Published Jun 29, 2016 9:20 PM by The Maritime Executive

In a statement Wednesday, the Permanent Court of Arbitration said that on the morning of July 12, it will issue its ruling ("Award") on a case brought by the Philippines against China over territorial claims in the South China Sea. The ruling is widely expected to go in favor of the Philippines, and China is not expected to abide by the Court's findings. Beijing has suggested that it may even exit the U.N. Convention on the Law of the Sea in the event of an unfavorable outcome. 

The case, which was brought by the Philippines in 2013, has proceeded without China's participation, as China refuses to acknowledge its legitimacy. China has issued an informal "position paper" claiming that the court lacks jurisdiction and that the Philippines has already agreed to settle the dispute through bilateral negotiation. 
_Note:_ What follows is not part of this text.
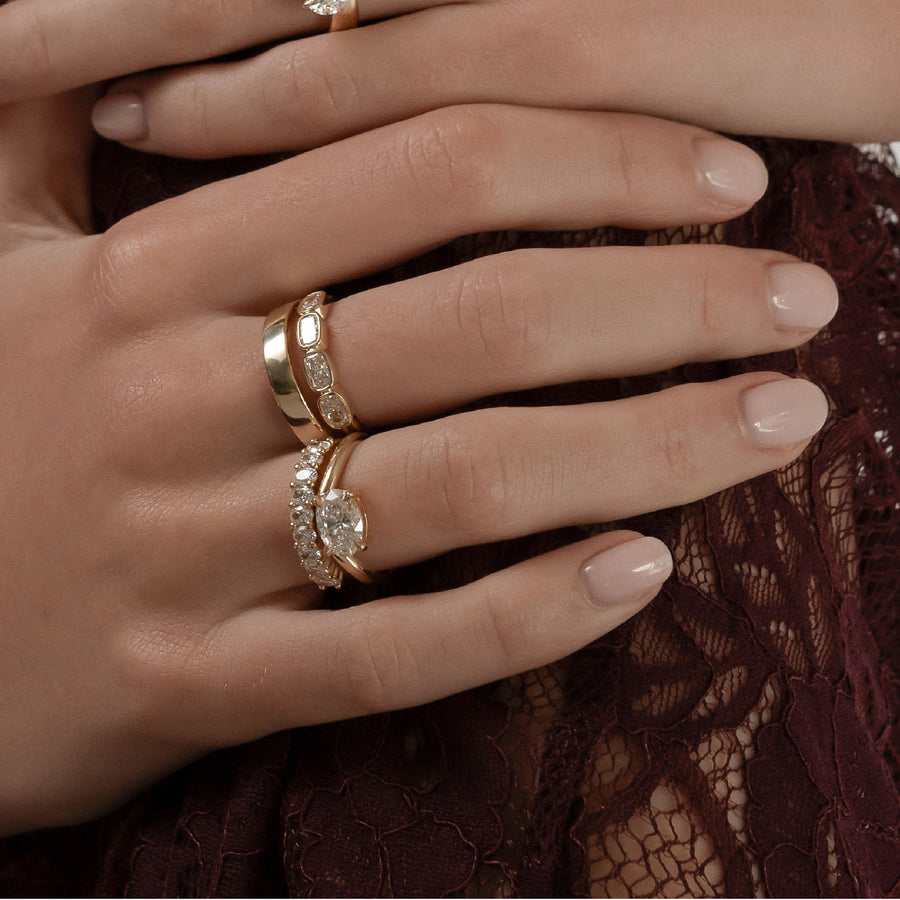 The Maya Ring - Oval Curved Solitaire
The Philippines' filing with the court asserts that "China’s maritime entitlements in the South China Sea . . . may not extend beyond those permitted by the United Nations Convention on the Law of the Sea," and further that China's “'nine-dash line' [is] contrary to the Convention and without lawful effect to the extent that [it] exceeds the geographic and substantive limits of China’s maritime entitlements under UNCLOS." Specifically, the Philippines has asked the Court to rule that China's claims to land features in the Spratly chain do not entitle China to the right to corresponding territorial seas or exclusive economic zones, and that certain of these features – notably Mischief Reef and Second Thomas Shoal – are within the Philippines' EEZ.  

China has invested heavily in the construction of artificial islands on these claims, and in the development of a quasi-military distant water fishing fleet and an enlarged Coast Guard to patrol them. 

In a finding last year responding to the informal paper and addressing jurisdictional questions, the panel found that the Philippines' claim did not concern maritime boundary delimitations, but rather the broader question of maritime territorial entitlements under UNCLOS. It emphasized that "in keeping with its findings on the nature of the Parties’ disputes . . . it would not rule on any question of sovereignty over land territory and would not delimit any maritime boundary" between the two states – restricting its findings solely to the question of whether China could extend its claims so far from its own shores. 

The U.S. has backed the Philippines in the territorial dispute, sending Navy vessels on freedom of navigation patrols near Chinese-occupied features and dispatching carrier strike groups to the region.